======== Material for the task ========

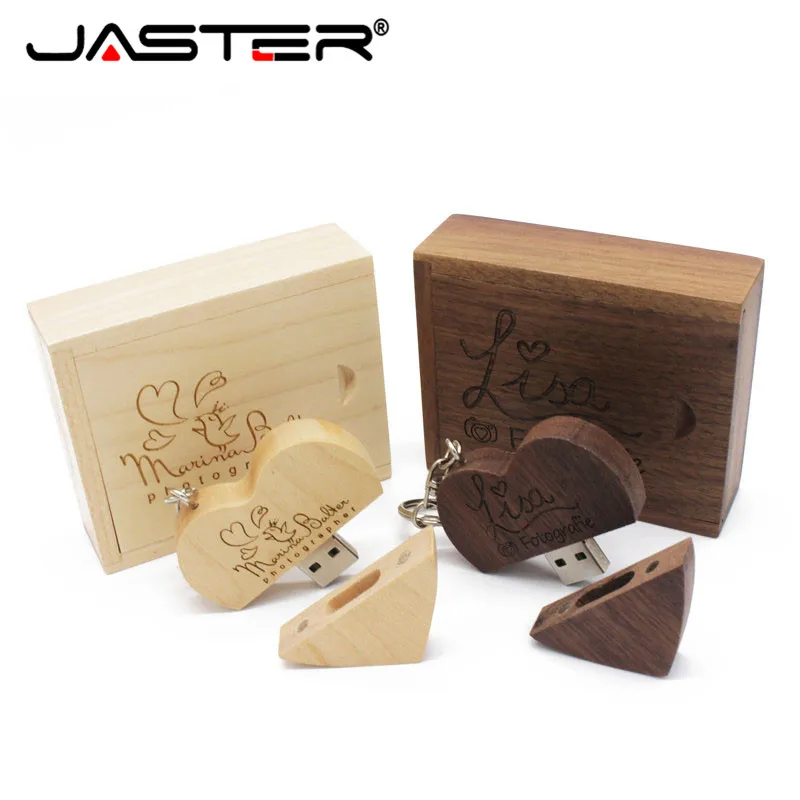 JASTER продвижение деревянный 10 шт. бесплатный логотип в форме сердца USB+ коробка реальная емкость USB 2,0 4 ГБ/8 ГБ/16 ГБ/32 ГБ/64 ГБ USB флэш-накопитель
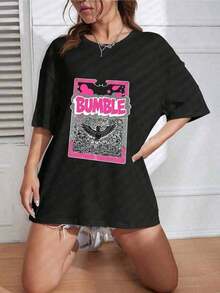 Women's Summer Clothes: Stylish Short-Sleeve Blouse With 'BUNGLE' Graffiti Print And Vibrant Abstract Patterns In Pink And Black, Comfortable And Soft Fabric, Fun Design, Perfect As A Gift For Her. Women's Summer Clothes: Stylish Short-Sleeve Blouse, Loose Fit, Comfortable And Breathable For Everyday Wear. Breathable And Comfortable. - 黑色 3 - 查看 3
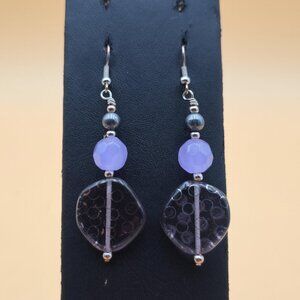 Silver Plated Over Copper Handmade Glass And Hematite Vintage Earrings B773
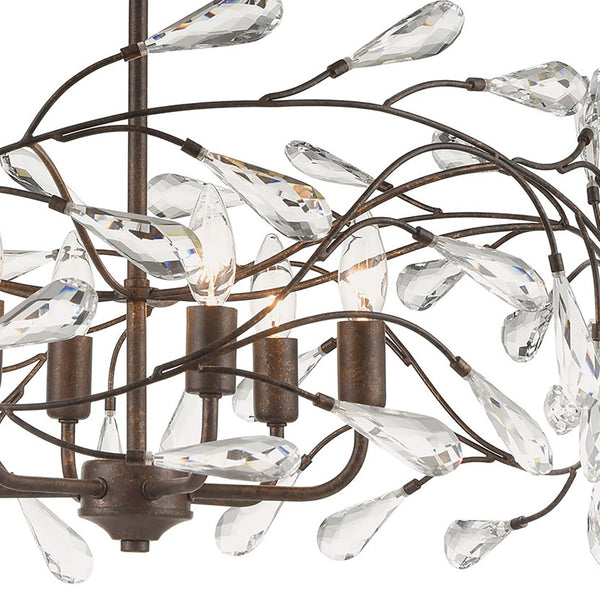 Atlas Crislett 6-Light Chandelier with Crystal Accents - Elegant Indoor Lighting for Dining & Living Spaces Sunglow Bronze 23'' CL12164-BZ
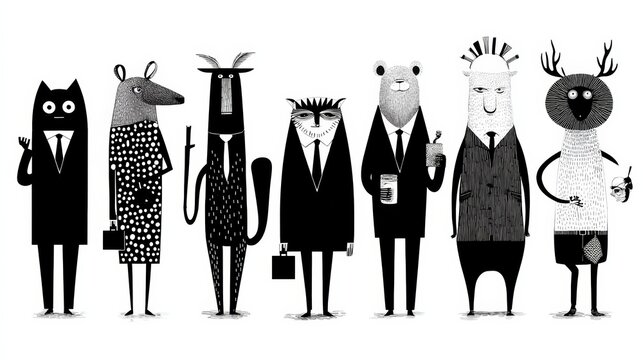 abstract Funny animal people in business concept. Always keep a hawks eye view on the competition. Conceptual image of animal heads on business people.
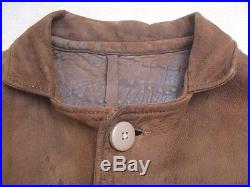Vintage 1920s 1930s Suede Leather A-1 Aviator Motorcycle Jacket Size MEDIUM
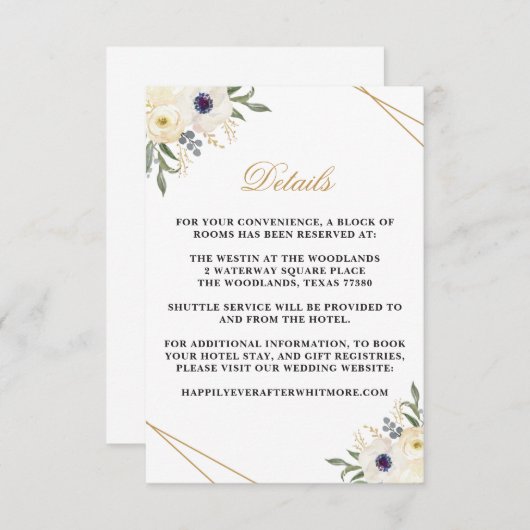 白および金ゴールド幾何学的フローラ詳細カード エンクロージャーカード (正面/裏面)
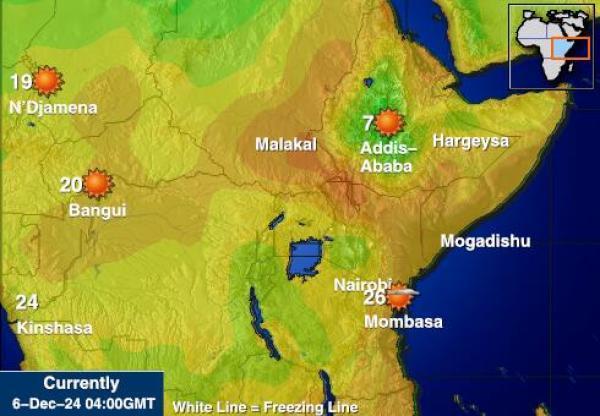 Burundi Sääennuste lämpötila kartalla 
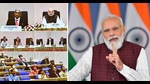 Prime Minister Narendra Modi addresses at the 28th National Human Rights Commission (NHRC) Foundation Day programme, through video conferencing, New Delhi, October 10, 2021 (PTI) Prime Minister Narendra Modi addresses at the 28th National Human Rights Commission (NHRC) Foundation Day programme, through video conferencing, New Delhi, October 10, 2021 (PTI)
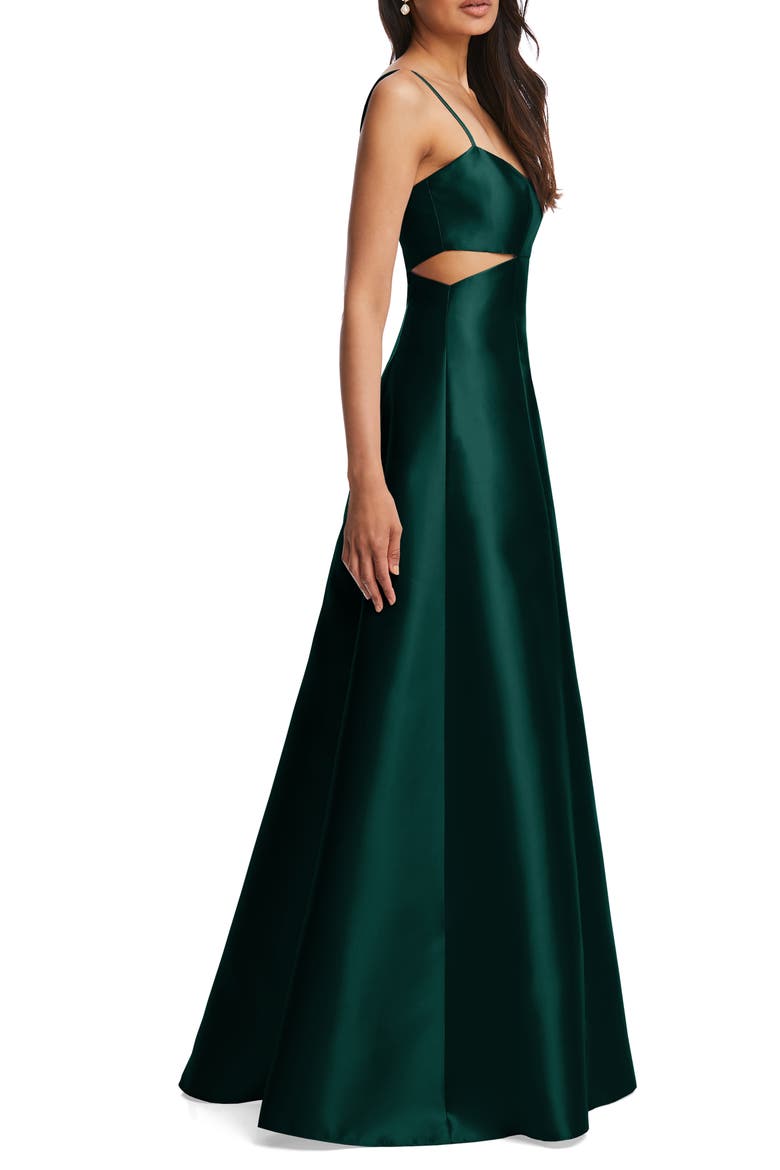 Cutout Satin Gown, Alternate, color, EVERGREEN
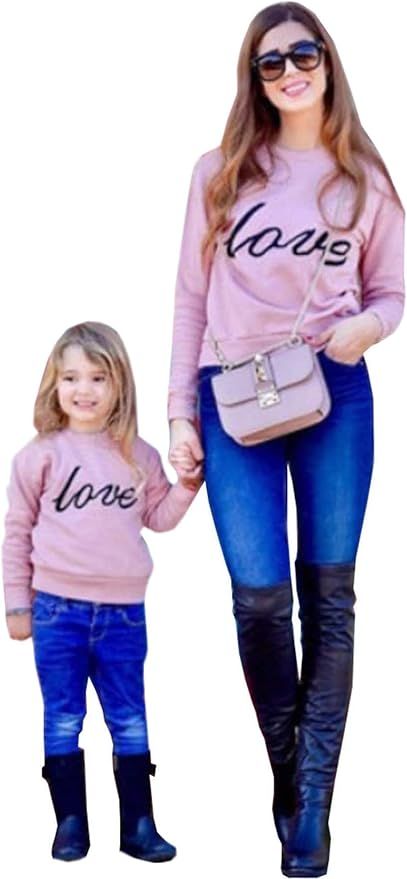 Mommy and Me Shirt Love Print Long Sleeve Round Neck Sweatshirt Tops Family Matching Clothes Outf... | Amazon (US)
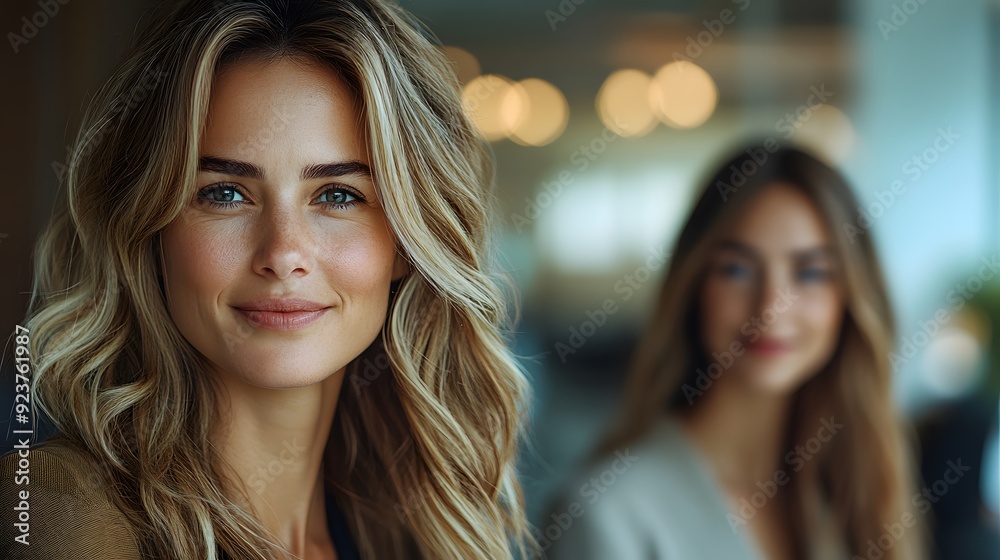Two confident businesswomen walking together in an office environment, smiling and exchanging ideas, their professional rapport clear as they discuss future projects. Two confident businesswomen walking together in an office environment, smiling and exchanging ideas, their professional rapport clear as they discuss future projects.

========

Your task
Each record is to be written out exactly. No picture goes in.

Expected answer
 JASTER продвижение деревянный 10 шт. бесплатный логотип в форме сердца USB+ коробка реальная емкость USB 2,0 4 ГБ/8 ГБ/16 ГБ/32 ГБ/64 ГБ USB флэш-накопитель
 Women's Summer Clothes: Stylish Short-Sleeve Blouse With 'BUNGLE' Graffiti Print And Vibrant Abstract Patterns In Pink And Black, Comfortable And Soft Fabric, Fun Design, Perfect As A Gift For Her. Women's Summer Clothes: Stylish Short-Sleeve Blouse, Loose Fit, Comfortable And Breathable For Everyday Wear. Breathable And Comfortable. - 黑色 3 - 查看 3
 Silver Plated Over Copper Handmade Glass And Hematite Vintage Earrings B773
 Atlas Crislett 6-Light Chandelier with Crystal Accents - Elegant Indoor Lighting for Dining & Living Spaces Sunglow Bronze 23'' CL12164-BZ
 abstract Funny animal people in business concept. Always keep a hawks eye view on the competition. Conceptual image of animal heads on business people.
Vintage 1920s 1930s Suede Leather A-1 Aviator Motorcycle Jacket Size MEDIUM
 白および金ゴールド幾何学的フローラ詳細カード エンクロージャーカード (正面/裏面)
 Burundi Sääennuste lämpötila kartalla 
 Prime Minister Narendra Modi addresses at the 28th National Human Rights Commission (NHRC) Foundation Day programme, through video conferencing, New Delhi, October 10, 2021 (PTI) Prime Minister Narendra Modi addresses at the 28th National Human Rights Commission (NHRC) Foundation Day programme, through video conferencing, New Delhi, October 10, 2021 (PTI)
 Cutout Satin Gown, Alternate, color, EVERGREEN
 Mommy and Me Shirt Love Print Long Sleeve Round Neck Sweatshirt Tops Family Matching Clothes Outf... | Amazon (US)
Two confident businesswomen walking together in an office environment, smiling and exchanging ideas, their professional rapport clear as they discuss future projects. Two confident businesswomen walking together in an office environment, smiling and exchanging ideas, their professional rapport clear as they discuss future projects.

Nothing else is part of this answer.